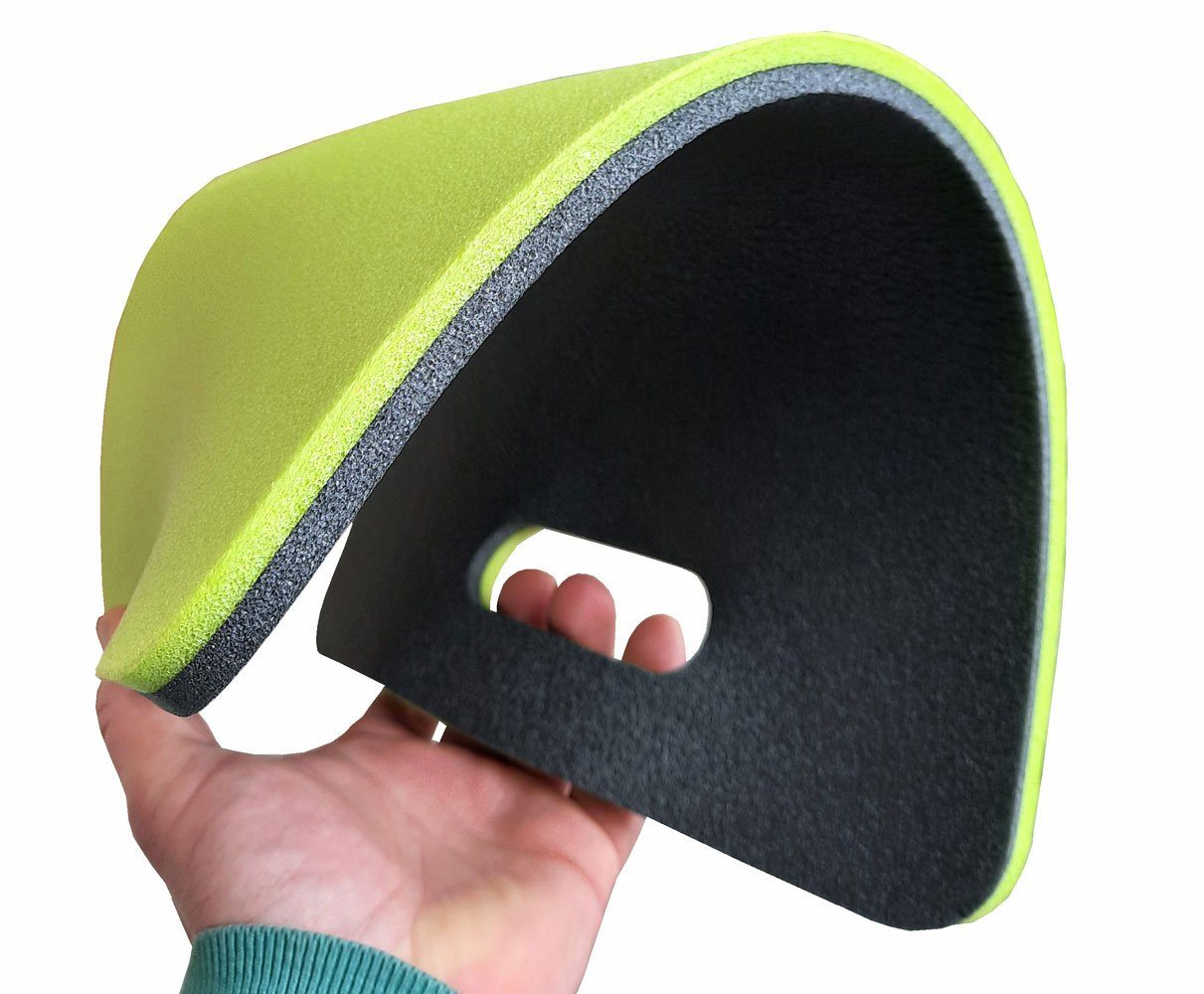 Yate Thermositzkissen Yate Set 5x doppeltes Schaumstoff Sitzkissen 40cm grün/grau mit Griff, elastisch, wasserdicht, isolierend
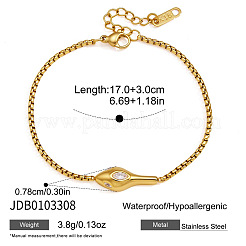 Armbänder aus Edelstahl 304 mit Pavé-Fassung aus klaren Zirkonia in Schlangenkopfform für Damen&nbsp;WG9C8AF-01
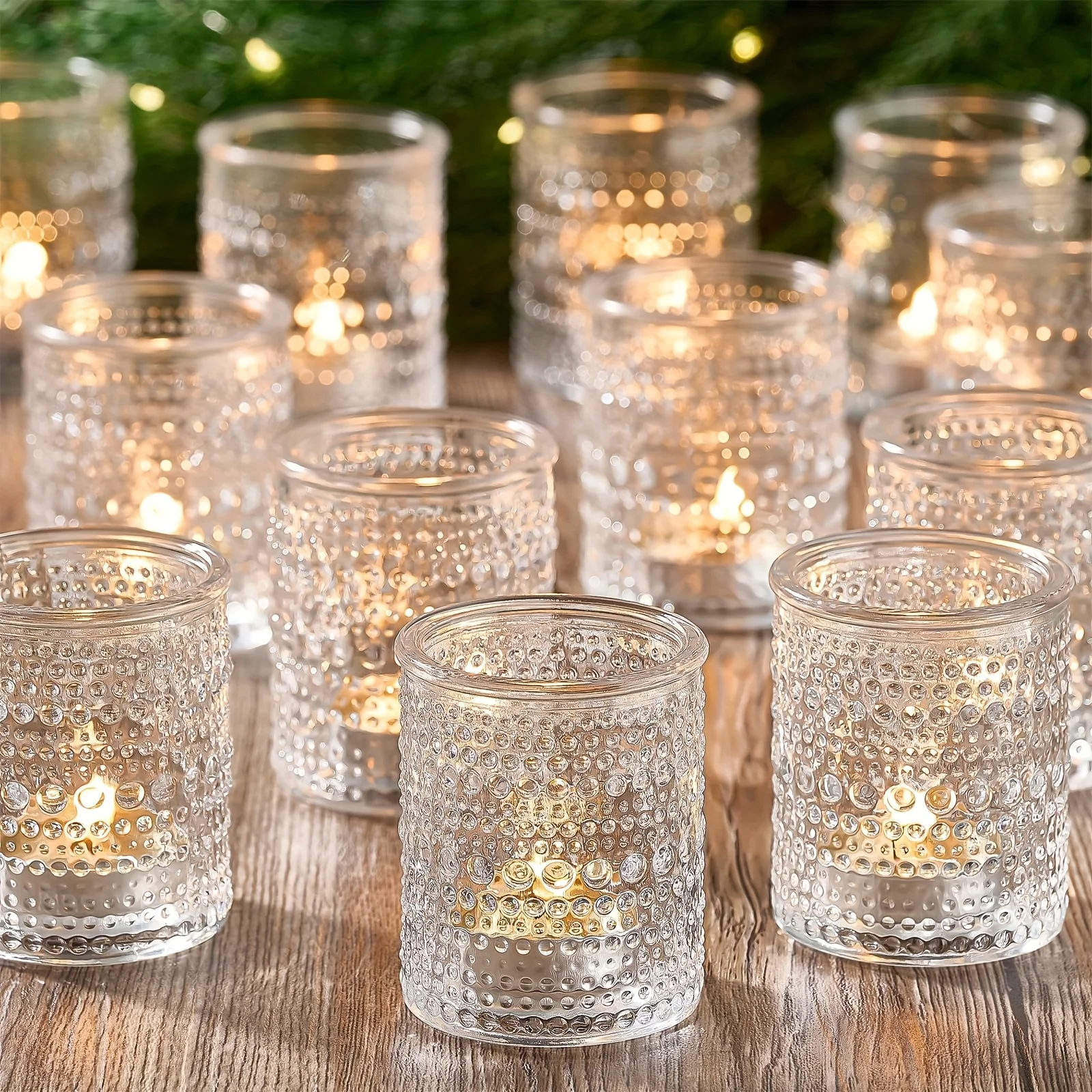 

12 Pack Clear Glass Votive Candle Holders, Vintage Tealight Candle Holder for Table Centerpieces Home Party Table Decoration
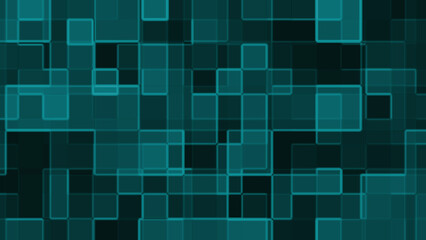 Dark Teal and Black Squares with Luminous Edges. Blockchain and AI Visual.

* * *

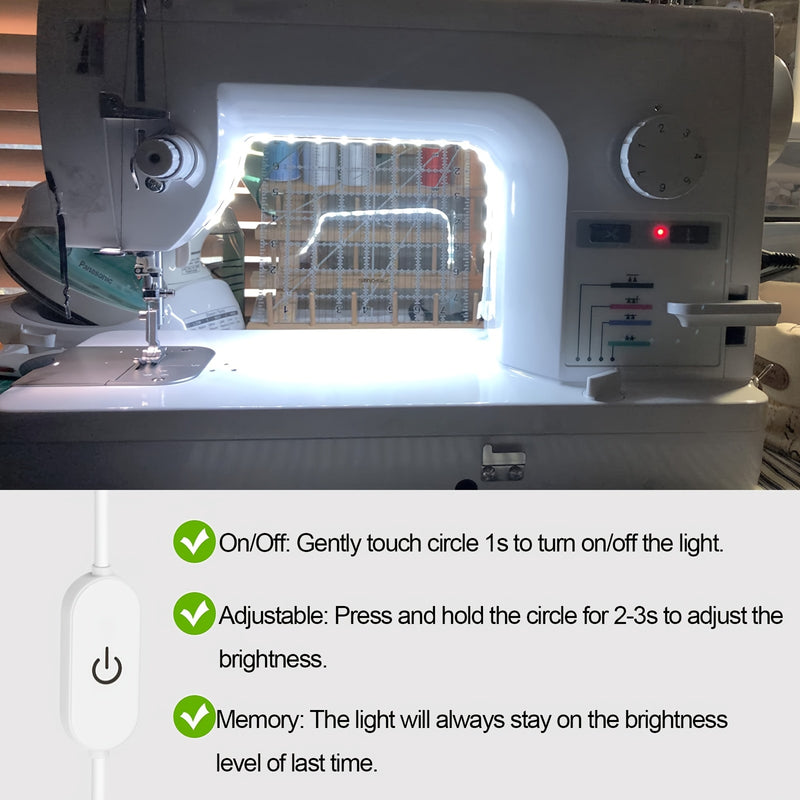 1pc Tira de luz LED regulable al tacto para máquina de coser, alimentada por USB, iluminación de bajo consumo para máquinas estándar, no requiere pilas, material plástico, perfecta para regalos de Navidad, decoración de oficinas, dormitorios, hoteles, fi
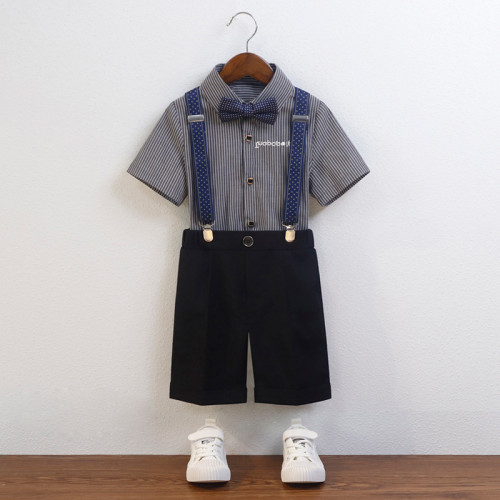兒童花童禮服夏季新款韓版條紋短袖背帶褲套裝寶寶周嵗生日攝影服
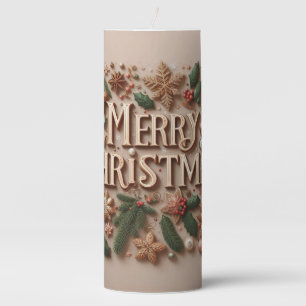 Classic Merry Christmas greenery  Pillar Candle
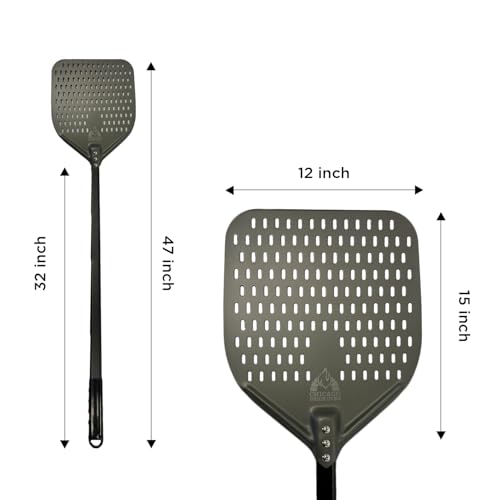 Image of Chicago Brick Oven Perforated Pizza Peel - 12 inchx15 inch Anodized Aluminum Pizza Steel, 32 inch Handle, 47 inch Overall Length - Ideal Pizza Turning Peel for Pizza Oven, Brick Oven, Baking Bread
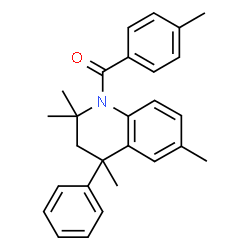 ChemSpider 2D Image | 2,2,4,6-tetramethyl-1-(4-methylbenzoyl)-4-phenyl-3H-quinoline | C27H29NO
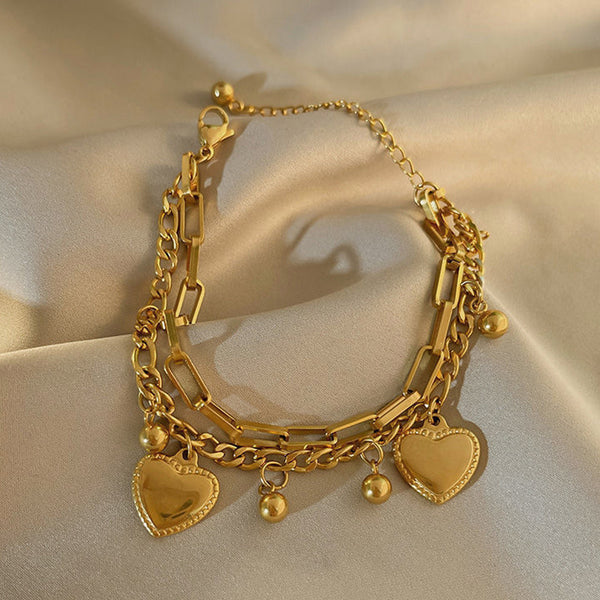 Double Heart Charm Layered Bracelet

==

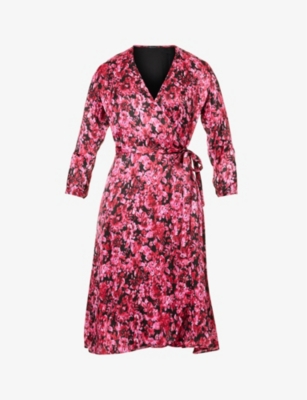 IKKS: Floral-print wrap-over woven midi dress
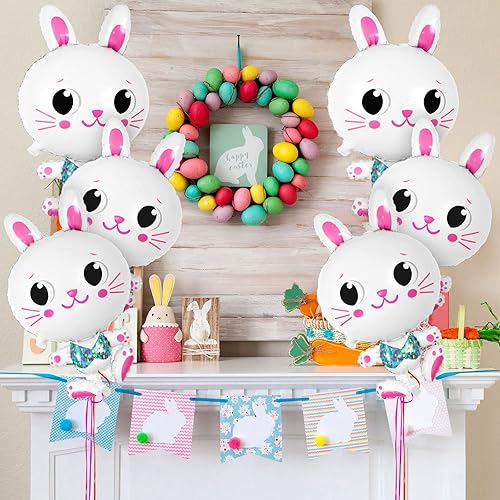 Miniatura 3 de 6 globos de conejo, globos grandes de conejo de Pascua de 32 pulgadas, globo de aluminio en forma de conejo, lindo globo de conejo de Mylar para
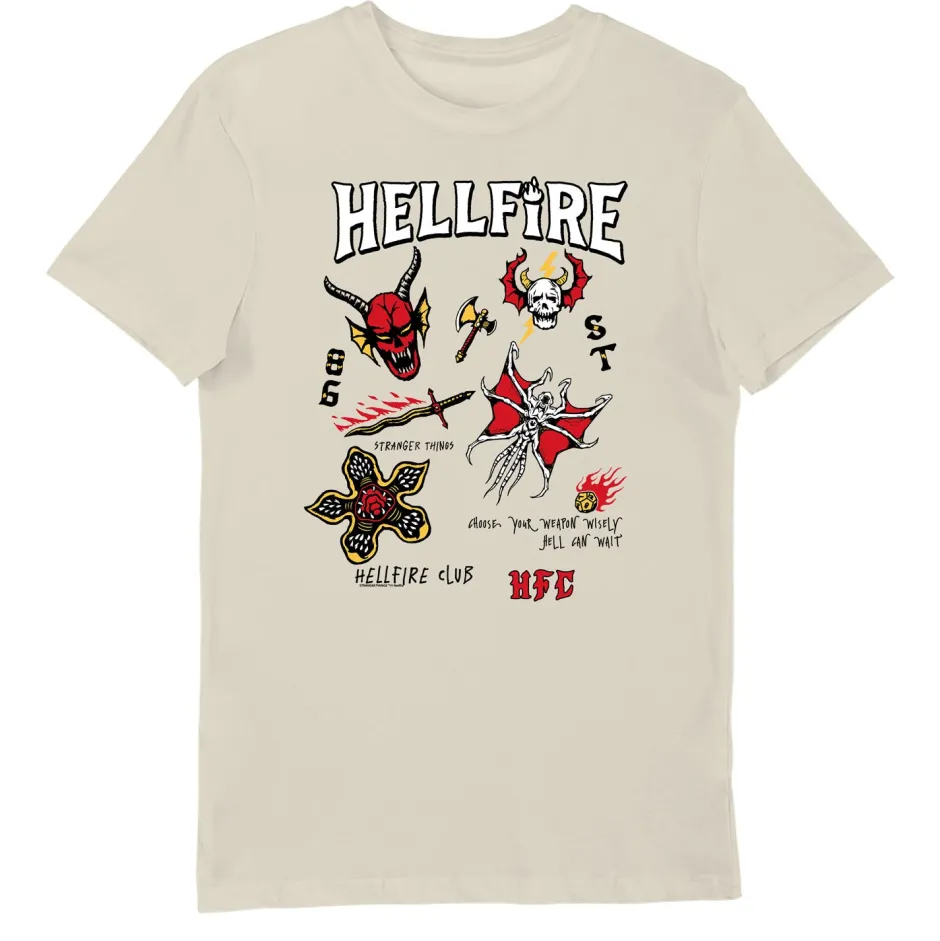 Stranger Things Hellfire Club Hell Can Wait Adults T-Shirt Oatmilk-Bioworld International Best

YOUR INSTRUCTIONS: In the entries above, find the line with "Yate Thermositzkissen Yate" and the line with "12 Pack Clear". Return exactly those lines and all the ones between them, pictures excluded.

EXERCISE RESULT:
 Yate Thermositzkissen Yate Set 5x doppeltes Schaumstoff Sitzkissen 40cm grün/grau mit Griff, elastisch, wasserdicht, isolierend
 Armbänder aus Edelstahl 304 mit Pavé-Fassung aus klaren Zirkonia in Schlangenkopfform für Damen&nbsp;WG9C8AF-01

12 Pack Clear Glass Votive Candle Holders, Vintage Tealight Candle Holder for Table Centerpieces Home Party Table Decoration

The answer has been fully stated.